Here's a sample input:
Color 1 -> 4 socks
Color 2 -> 3 socks
Color 3 -> 7 socks
Color 4 -> 11 socks
Color 5 -> 4 socks
The way I'm doing is I first read the input into an array and sort it increasingly. That way I'll have the highest number of socks at the end of the array. From here I basically compare arr[i] and arr[i-1] and get the min between them. Add that to the total, save the remainder and just repeat the process going down the array. For example, using the sample input it looks something like this:
Sorted array: [3,4,4,7,11]
1:3 socks ---> 1:3 socks ---> 1:0 socks ---> 1:0 socks
2:4 socks ---> 2:4 socks ---> 2:1 socks ---> 2:1 socks
3:4 socks ---> 3:4 socks ---> 3:0 socks ---> 3:0 socks
4:7 socks ---> 4:0 socks ---> 4:0 socks ---> 4:0 socks
5:11 socks ---> 5:4 socks ---> 5:0 socks ---> 5:0 socks
------> total = 14 possible combinations of mismatched socks. This seems way too naive an approach. Does anyone have any ideas on how to optimize it ? I can post my code for this if necessary.
I think the optimal solution can be found by examining all possible groupings of the different sock colors into 2 piles. For each such grouping p odd pairs of socks can be made, where p is the number of socks in the smallest pile. You want the grouping that gives the maximum p. You can generate all possible groupings of socks into 2 piles recursively.
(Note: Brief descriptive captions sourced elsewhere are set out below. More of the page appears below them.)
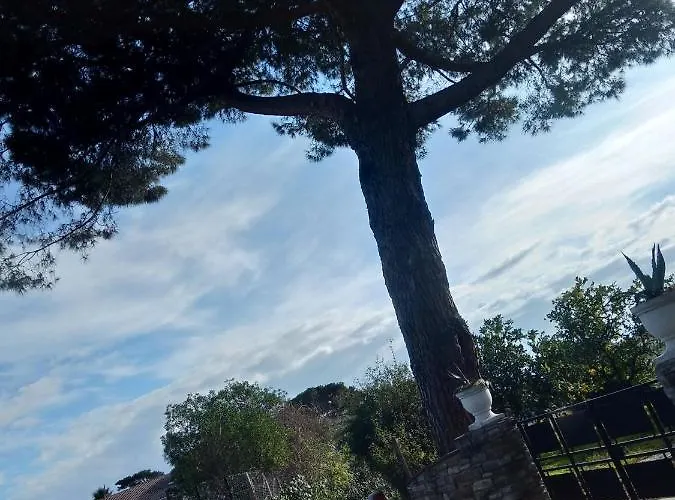 شقة Un Nid Douillet En Bord De !! *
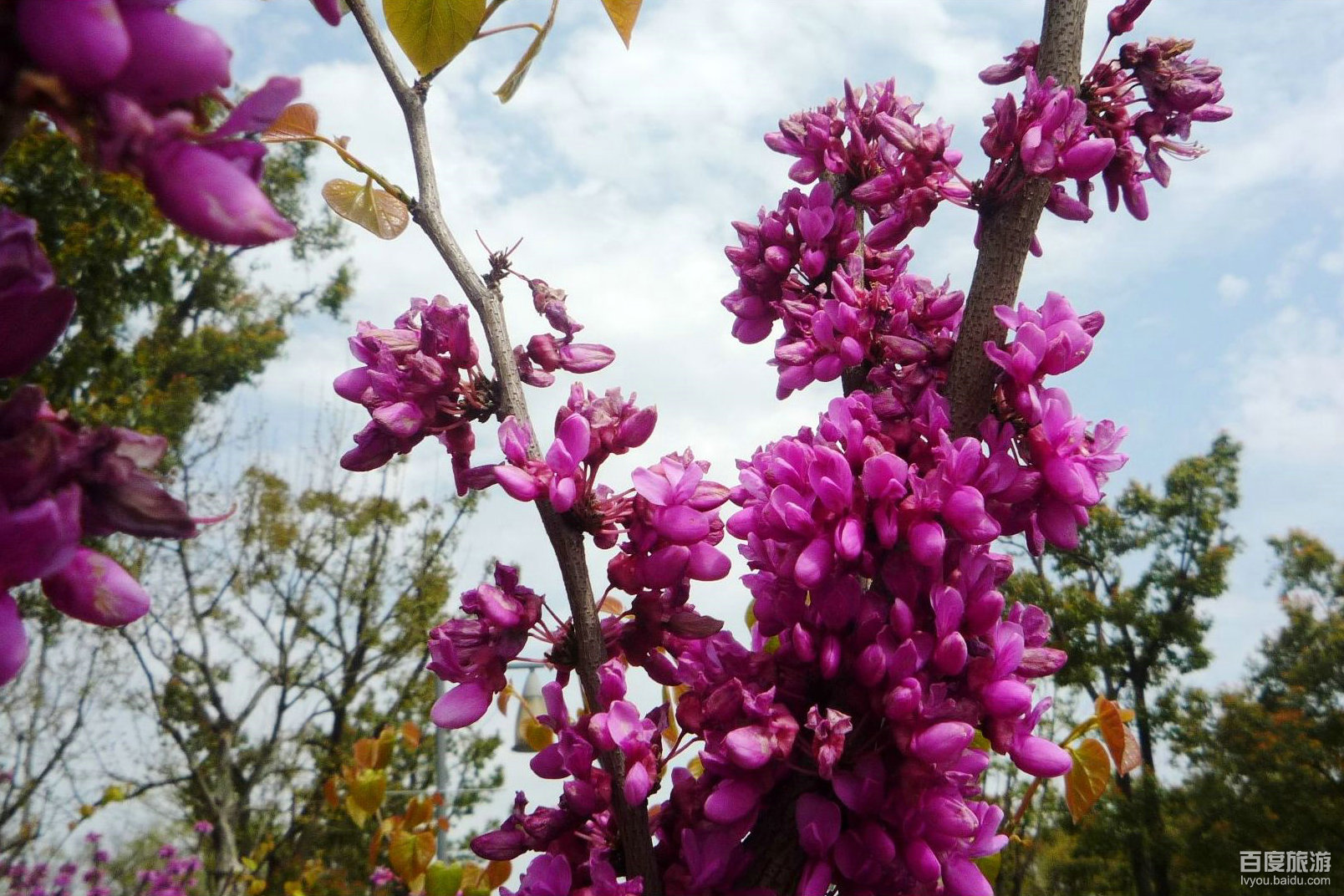白塘生态植物园
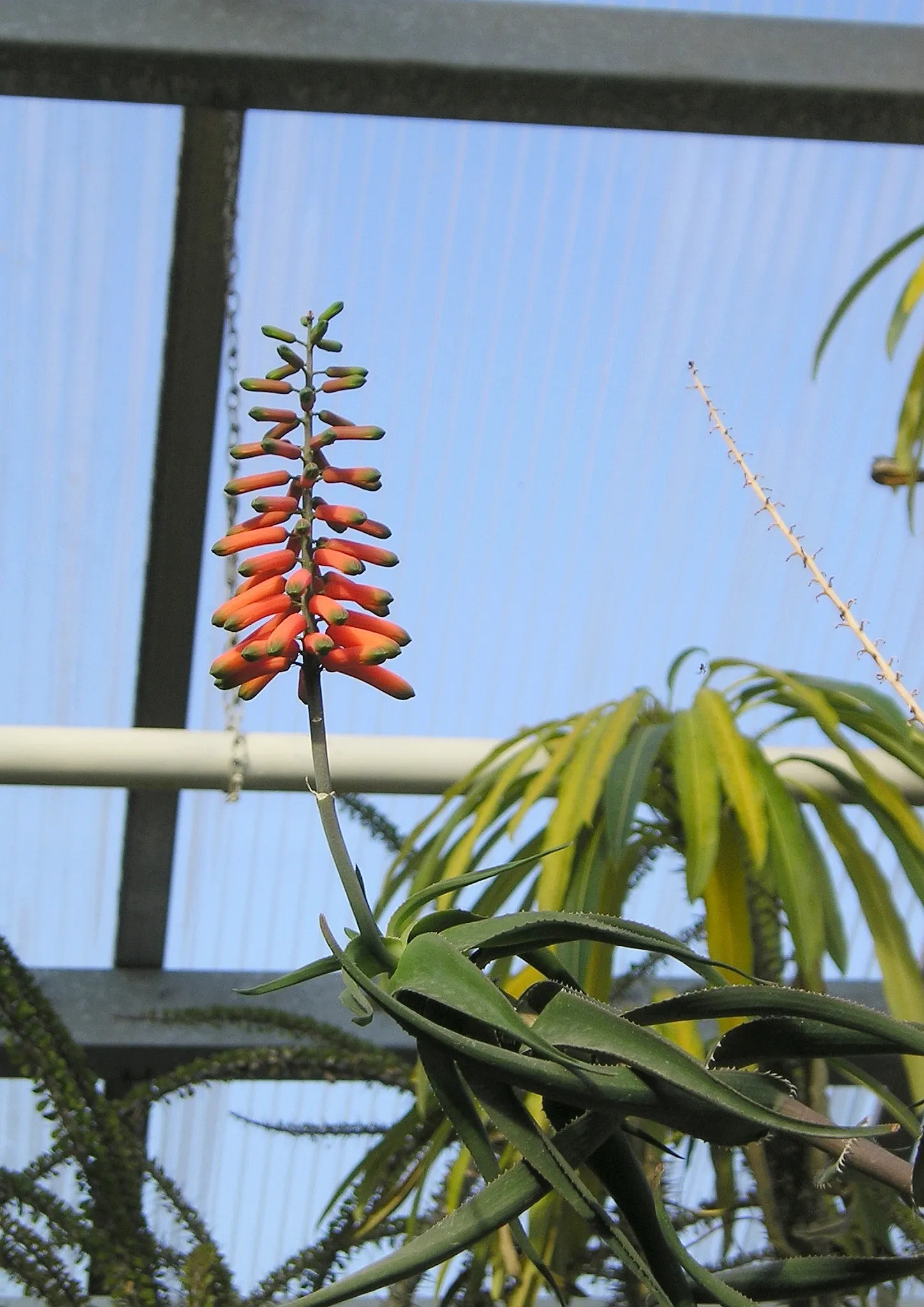 Climbing Aloe (Aloe Ciliaris) — plant Aloe ciliaris in well-drained soil and a position receiving full sun to partial shade; dry environments.<br><br>From fall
Here's some Java code to illustrate:
public static void main(String[] args)
{
int[] socks = {3,4,4,7,11};
System.out.println(count(0, 0, socks, 0));
}
static int count(int a, int b, int[] socks, int i)
{
if(i == socks.length)
{
return Math.min(a, b);
}
return Math.max(count(a+socks[i], b, socks, i+1),
count(a, b+socks[i], socks, i+1));
}
Output:
14
Build a graph data structure. Every sock is vertex. Make edges from every vertex to all vertices of another color.
Now find power of maximum matching - size of the set of edges without common vertices.
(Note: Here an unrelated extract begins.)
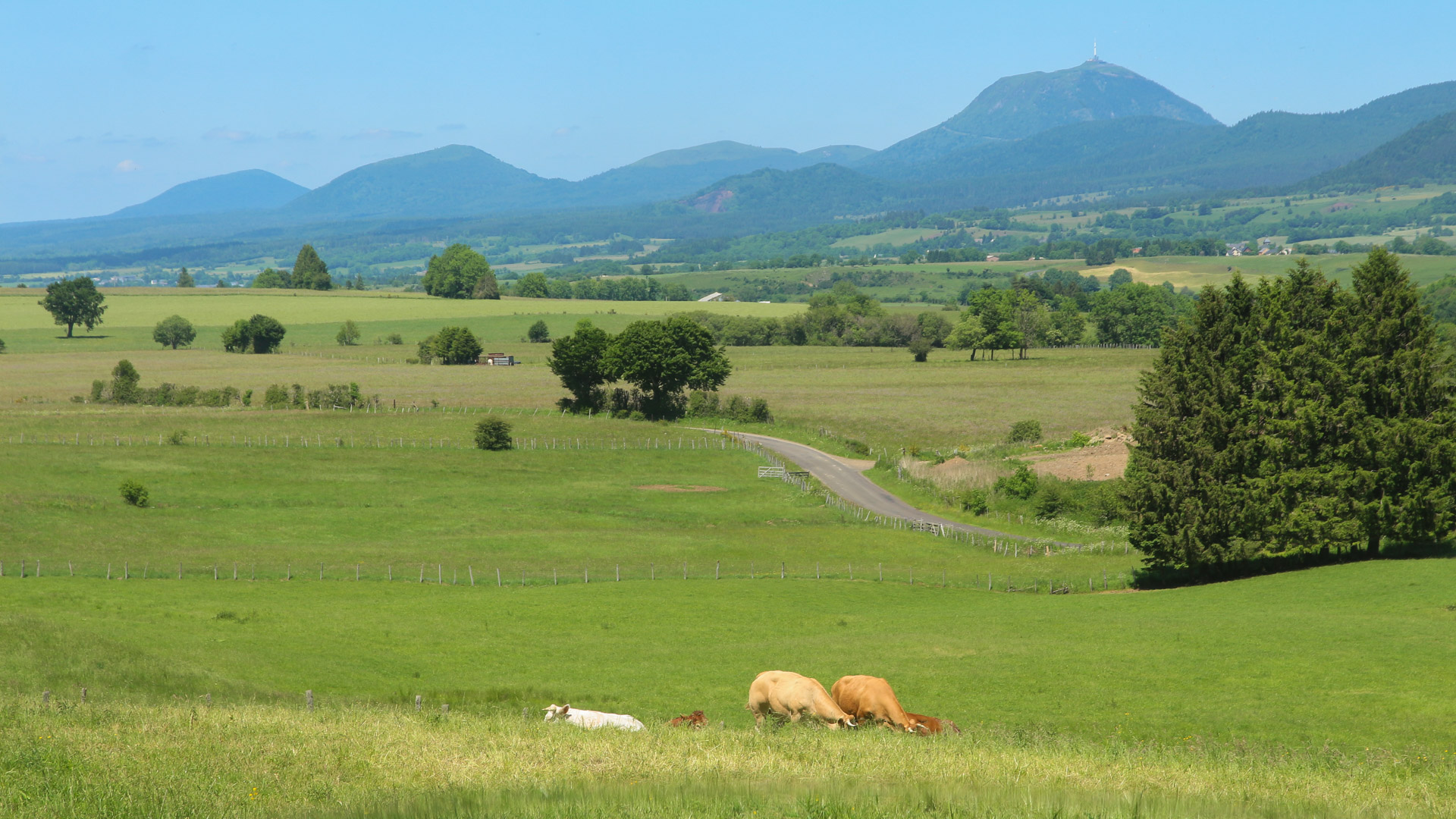 prairies avec des vaches devant le Puy de Dôme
You can build max matching using Edmonds algorithm in polynomial time O(V^2*E). Seems that graph for this task would be dense, so complexity tends to O(V^4). There exists also Micali and Vazirani algorithm with lesser complexity (don't know about implementation hardness).
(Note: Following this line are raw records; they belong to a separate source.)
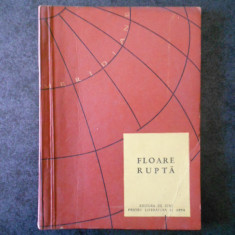 FLOARE RUPTA SI ALTE POVESTIRI DIN LITERATURA CEHA (1957)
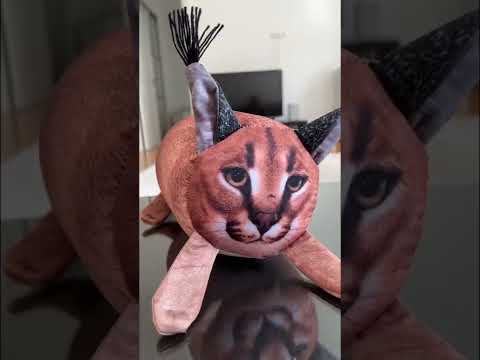 ЗАХЛАМИЛИ КВАРТИРУ МЯГКИМИ ИГРУШКАМИ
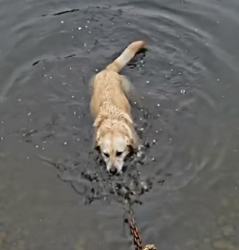 Y1805016 They Left� Him to Die in the Pond Emotional rescue (Part 2)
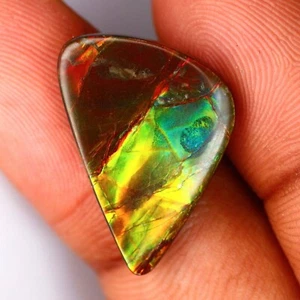 12.82 Cts Canadian Ammolite Multi Color Play 100% Natural Loose Gemstone - Picture 1 of 2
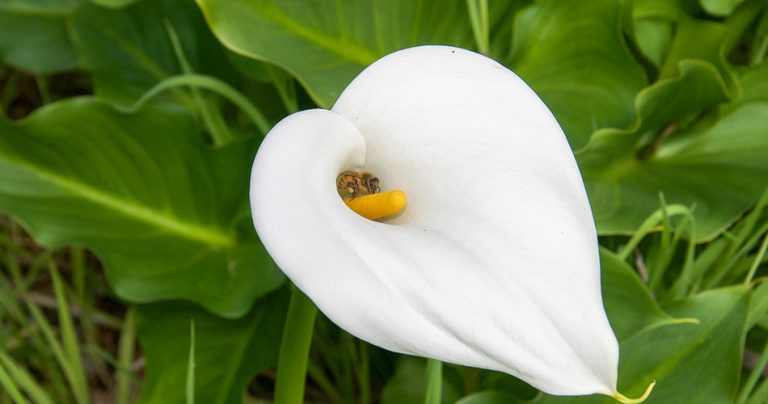 What Do Calla Lilies Stand For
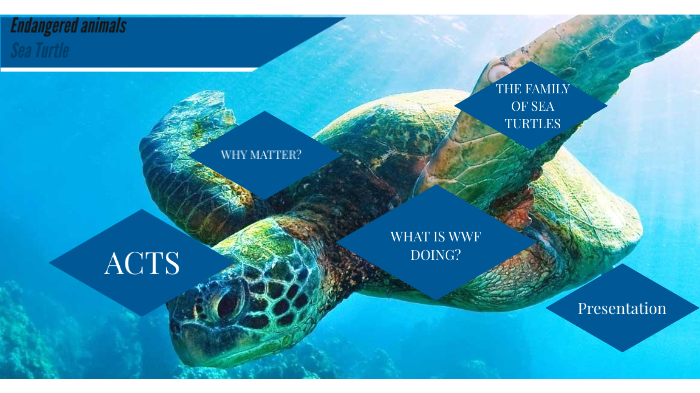 Sea Turtle by Teresa Esparza Romero on Prezi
If your task doesn't require max matching itself - only number of edges, then that value might be calculated using randomized Lovasz algorithm based on Tutte's matrix theorem. (I did not find concise English description - perhaps terms might differ, short one in Russian is here)
"HOPEFULLY CORRECT THIS TIME!" METHOD
Step 1: Check if there's 2 or more colours left. If there's none or one colour left you're finished (can't find more pairs).
Step 2: Find one colour that has the lowest non-zero count
Step 3: Excluding the colour with the lowest count (in case all colours have the same count); find the highest count and determine how many colours share the highest count
Step 4: Excluding the colour with the lowest count and all colours with the highest count; try to find the second highest count.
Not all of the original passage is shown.